§ DATA EXTRACTS:

——————————

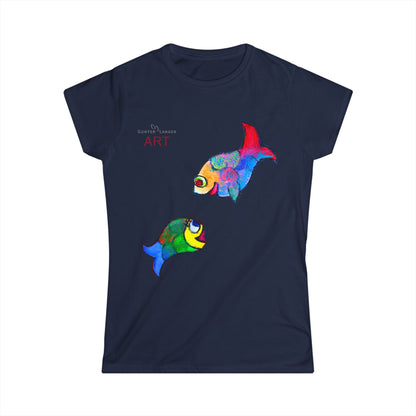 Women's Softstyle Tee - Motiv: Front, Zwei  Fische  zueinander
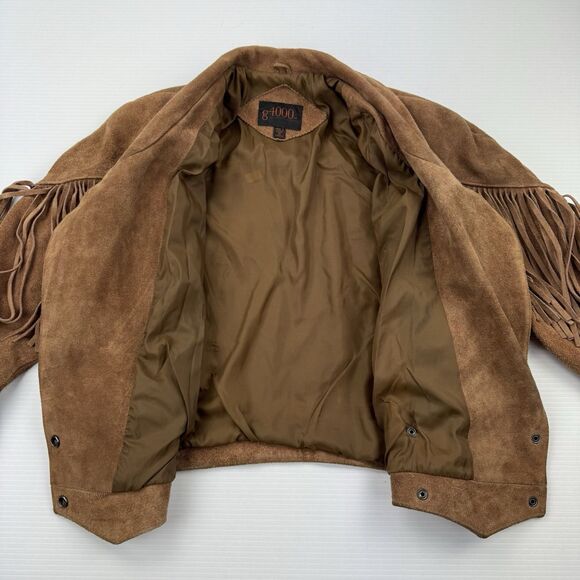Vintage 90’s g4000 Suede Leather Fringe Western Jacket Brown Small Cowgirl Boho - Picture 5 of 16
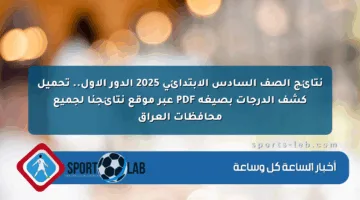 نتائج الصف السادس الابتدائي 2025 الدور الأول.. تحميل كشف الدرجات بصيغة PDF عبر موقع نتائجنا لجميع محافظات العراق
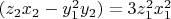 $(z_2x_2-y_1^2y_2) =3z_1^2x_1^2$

——————————

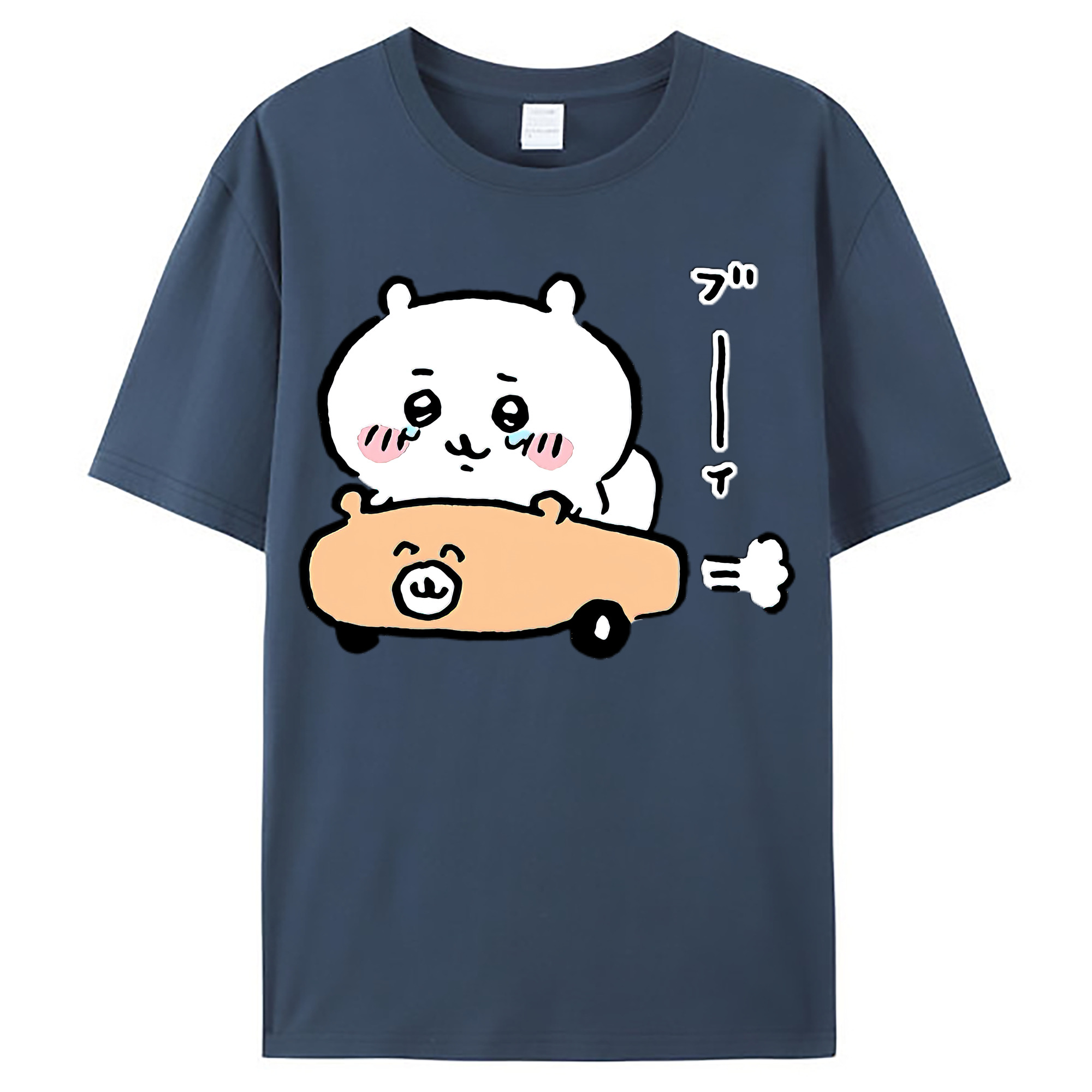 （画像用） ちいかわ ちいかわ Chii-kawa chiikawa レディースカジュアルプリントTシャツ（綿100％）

——————————

§ HOW TO COMPLETE THIS TASK: Everything above from the line with "Women's Softstyle Tee" through the line with "Vintage 90’s g4000" should be retyped exactly, and nothing else; omit pictures.

§ FINISHED EXERCISE:
 Women's Softstyle Tee - Motiv: Front, Zwei  Fische  zueinander
Vintage 90’s g4000 Suede Leather Fringe Western Jacket Brown Small Cowgirl Boho - Picture 5 of 16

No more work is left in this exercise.